Pedestrians must be Accountable for their own Safety: NMA E-Newsletter #342



Last week’s newsletter
on whether pedestrians should take responsibility for their own safety garnered many thoughtful member responses. We thought we would share a few with you.

From Dick Goodwin, New Hampshire:

Excellent article! And so true. Most pedestrians seem to have at least a small interest in self-preservation, but all too many apparently think their survival is someone else’s responsibility.

I have had a number of close calls in spite of exercising the greatest care, especially in shopping center parking lots, where there often are no crosswalks, and people just randomly stroll wherever they want without regard to whether there are cars moving around them or not.

My favorite is the woman who leaves the grocery store and heads for her car, while talking on her cellphone, pushing a shopping cart full of groceries and three little kids, one of which is running ahead of her, another trailing behind, and none of them paying any attention to cars.

I have some advice for pedestrians. These things all seem so common sense, but apparently they are anything but:

If you want to cross a street, in a crosswalk or not, wait for drivers to show that they have seen you and are going to stop for you, before you step off the curb.

If you are in a shopping center parking lot, and you are walking down a long line of cars all parked head in to their spaces, and one of them is in motion backing out of its space—STOP. Don’t just walk in back of it! You have no guarantee that the driver will see you and stop.

If you are walking across the parking lot from the store to your car, or vice versa, walk straight across, don’t take some long diagonal stroll down the driving lanes while slowly working your way across the lot. What are drivers even supposed to do with that?

Don’t ever assume that your legal right-of-way confers on you some kind of super power. It does not. The law that gives you that right-of-way is merely a man-made law, and man-made laws are always trumped by the laws of physics.

Boating laws always seem to reflect a more practical approach to right-of-way issues. There are clear rules for boaters to determine who has the right-of-way, such as a 15′ sailboat has the right-of-way over a 400′ oil tanker. But they always note that there is one law that trumps the right-of-way law, and that is the law of gross tonnage. Sometimes you need to cede your right-of-way to the other guy.

Your survival is your responsibility, nobody else’s, and no law can ever change that.

From Tom Beckett, Arkansas:   

I am always amazed at how pedestrians think that because they are in a crosswalk, they are invincible.

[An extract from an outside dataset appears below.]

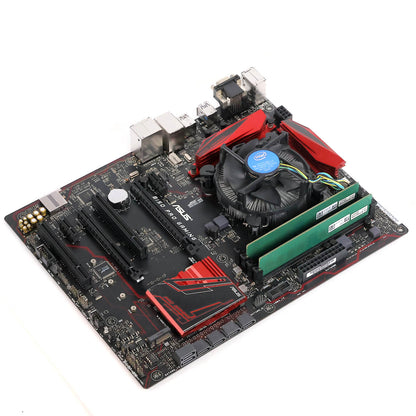 中古 CPU+メモリ+マザーボードセット 8GB DDR4 Core i5-6400 ASUS B150 PRO 動作未確認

I have seen too many of them just walk out into traffic, whether it is on a street, or in a Wal-Mart parking lot, without so much as a glance at the roadway. I’m guessing the thought process (if any) is, “I’m in the crosswalk, I have right of way.” That may well be, but it shows a stunning ignorance of the laws of physics, as well as human frailty. My wife will give me a funny look when I check for cars as we step into the Wal-Mart parking lot. I take nothing for granted. As my dad used to say, “Yes, you may be right. But you’re still dead.”

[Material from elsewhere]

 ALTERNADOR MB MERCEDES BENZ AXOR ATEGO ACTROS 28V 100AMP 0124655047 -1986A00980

I drove a transit bus in the Binghamton New York area for a little over five years. One of the things I saw constantly was pedestrian inattention. There is a State University of New York campus in Binghamton, hence a lot of college kids. The ones who really got me were the ones who were either listening to some kind of device, both ears plugged into headphones, or the ones who were head down looking at their phones. Both types were prone to just launching off into the street without even looking up.

Finally, New York City. Ironic that the police commissioner wants to go after jaywalkers. I grew up in New York; jaywalking is kind of a birthright there. Of course, one of the first things I learned is that when crossing, look both ways—even on one-way streets. My guess is the NYPD will be after both the motorists and the jaywalkers, both potential sources of revenue because in New York, it’s all about the money.

From a Member in Hungary: 

The situation with pedestrians is far worse here in Budapest, Hungary. I have yet to hit anyone, but I’ve had many close calls! And I consider myself an excellent and very vigilant driver with demonstrably good reflexes even as a senior driver.

There is a law here (it’s also the dominating culture) that pedestrians are never at fault, when my personal experience—and that of other drivers I’ve spoken to—is that pedestrians are at fault most of the time.

Just about all pedestrians think “magically” on the street. For example, as you’d stated, they think the striped crossing lines will mystically and magically protect them. At the edges of town with poor lighting, or sun in the driver’s eyes, pedestrians sometimes can literally be invisible. People in dark clothes on a dark street are sometimes almost invisible until the headlights hit them (all too literally).

Anyway, not to belabor this point, as bad as it is in the United States, it’s even worse here. And we don’t have an NMA to lobby for drivers!